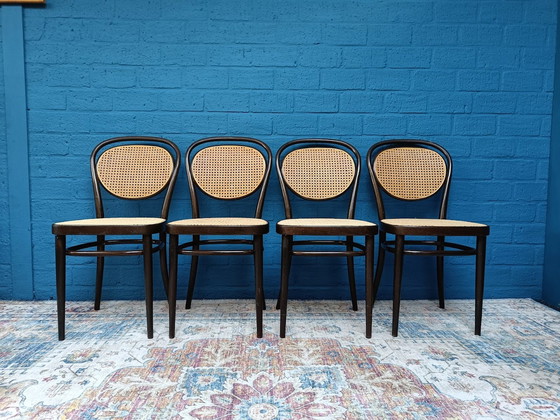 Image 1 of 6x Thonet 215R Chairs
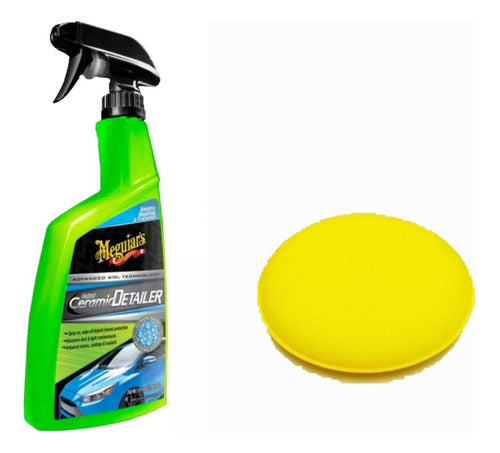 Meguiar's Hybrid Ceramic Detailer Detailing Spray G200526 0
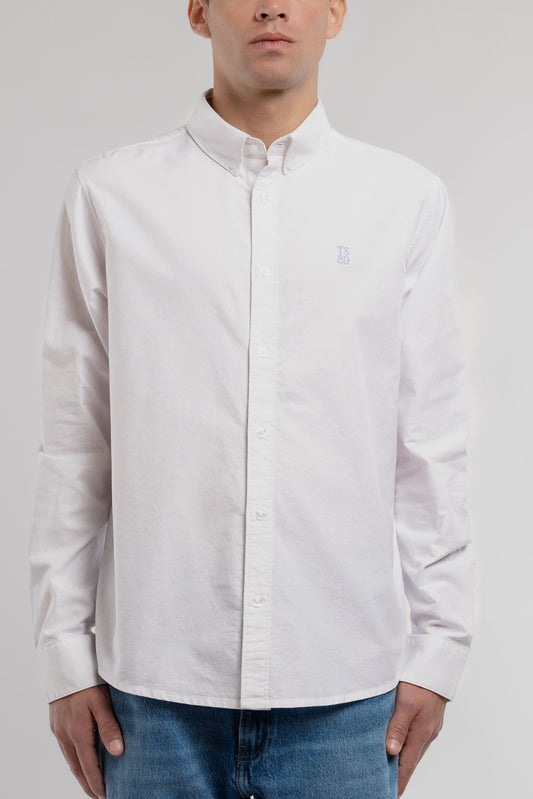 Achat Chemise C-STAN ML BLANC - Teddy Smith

* * *

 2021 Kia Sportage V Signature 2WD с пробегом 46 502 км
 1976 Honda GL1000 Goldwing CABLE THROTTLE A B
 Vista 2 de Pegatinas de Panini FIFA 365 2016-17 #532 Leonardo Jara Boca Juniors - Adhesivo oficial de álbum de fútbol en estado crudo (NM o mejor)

==

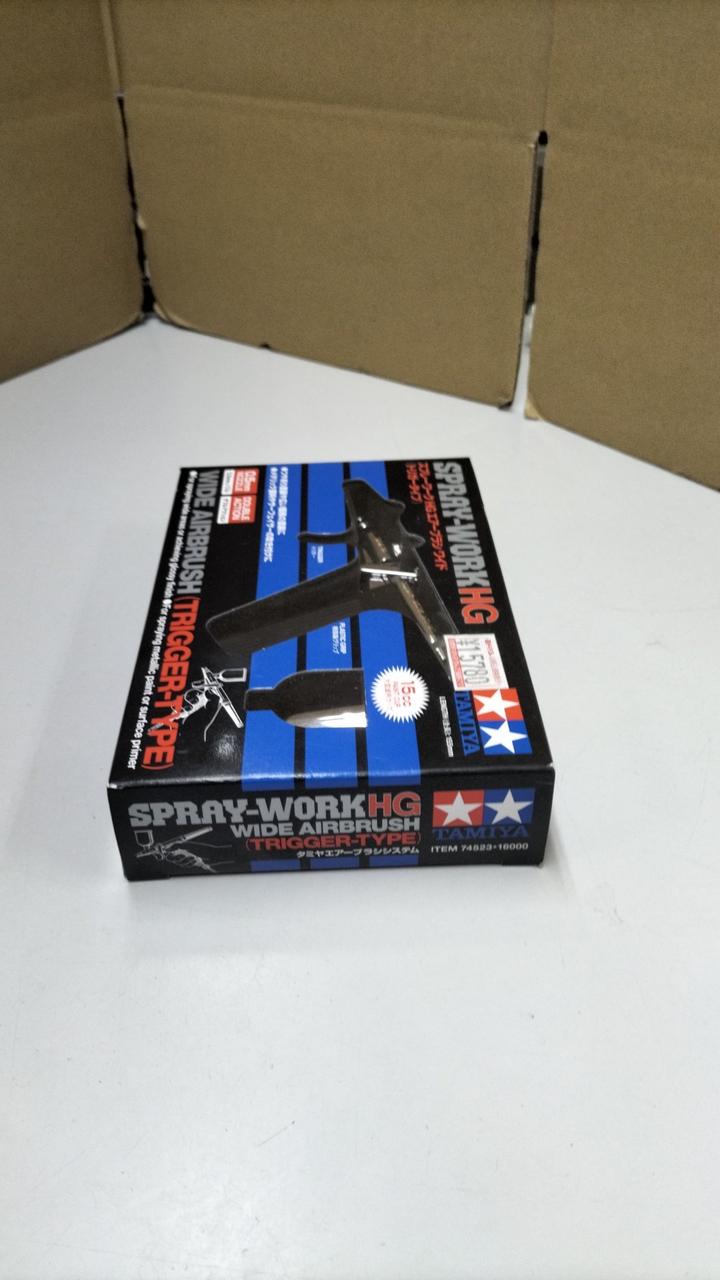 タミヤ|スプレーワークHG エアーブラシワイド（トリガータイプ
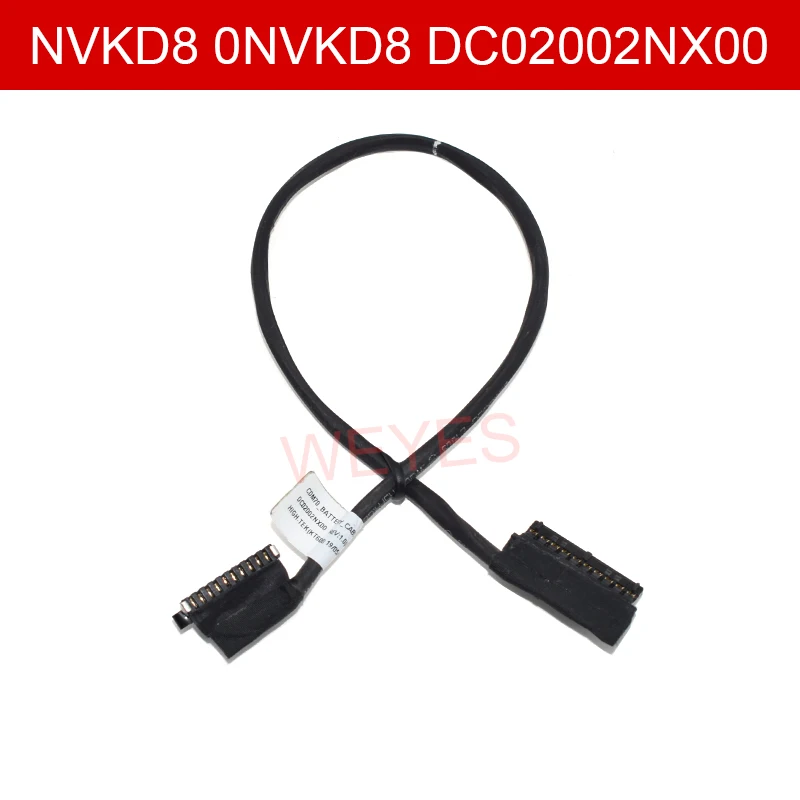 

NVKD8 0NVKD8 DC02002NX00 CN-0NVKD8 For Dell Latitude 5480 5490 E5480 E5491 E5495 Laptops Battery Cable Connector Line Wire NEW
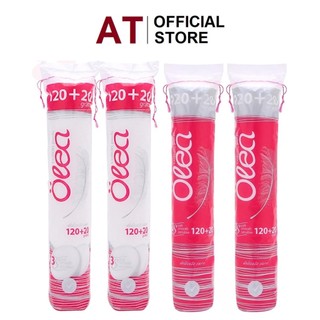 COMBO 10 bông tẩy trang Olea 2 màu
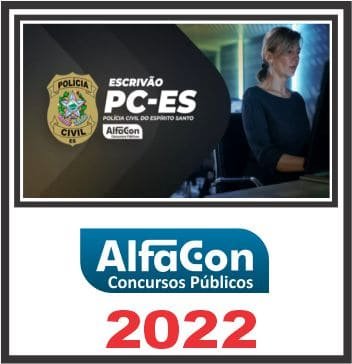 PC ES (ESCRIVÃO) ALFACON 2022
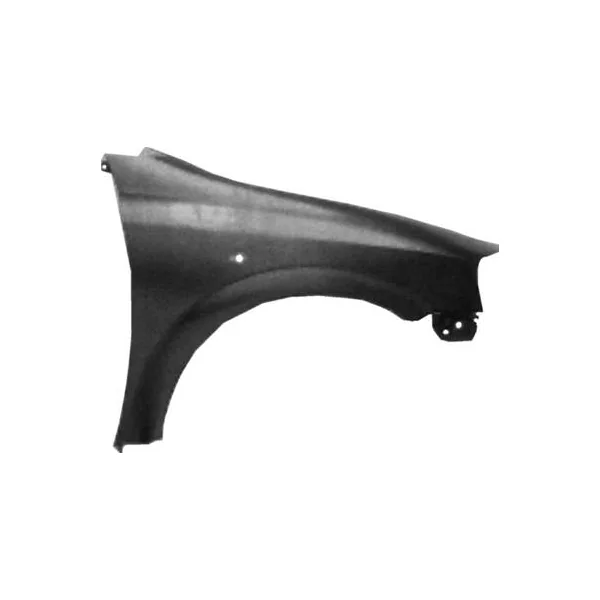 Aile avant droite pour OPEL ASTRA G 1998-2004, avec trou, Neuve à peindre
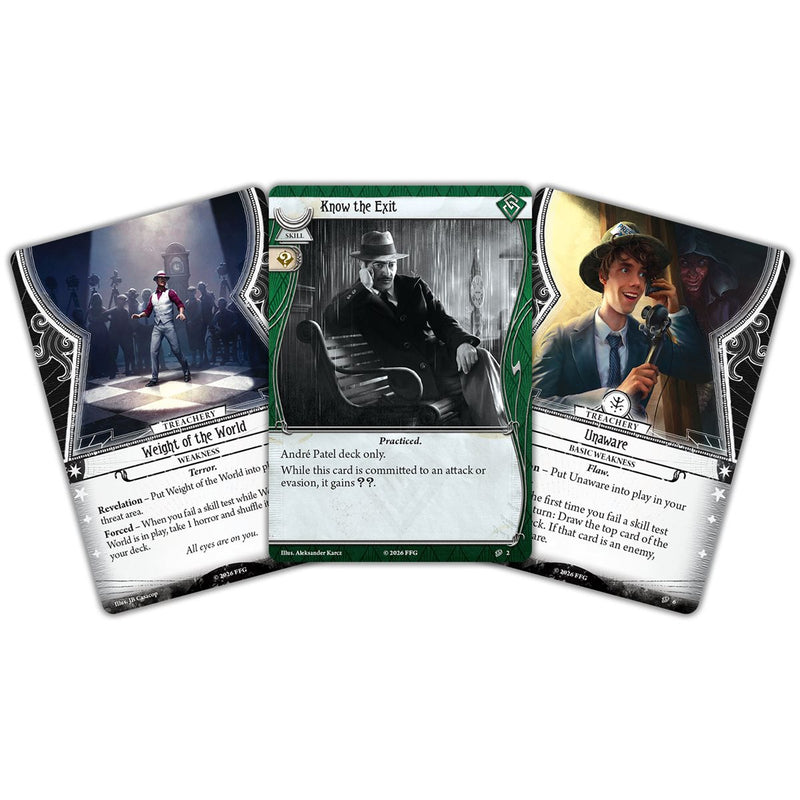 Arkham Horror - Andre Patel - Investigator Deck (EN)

Description of the task
Everything from the line with "Aile avant droite" through the line with "Arkham Horror - Andre" in the material above should be transcribed exactly, except the pictures.

Exercise solution
 Aile avant droite pour OPEL ASTRA G 1998-2004, avec trou, Neuve à peindre
 Arkham Horror - Andre Patel - Investigator Deck (EN)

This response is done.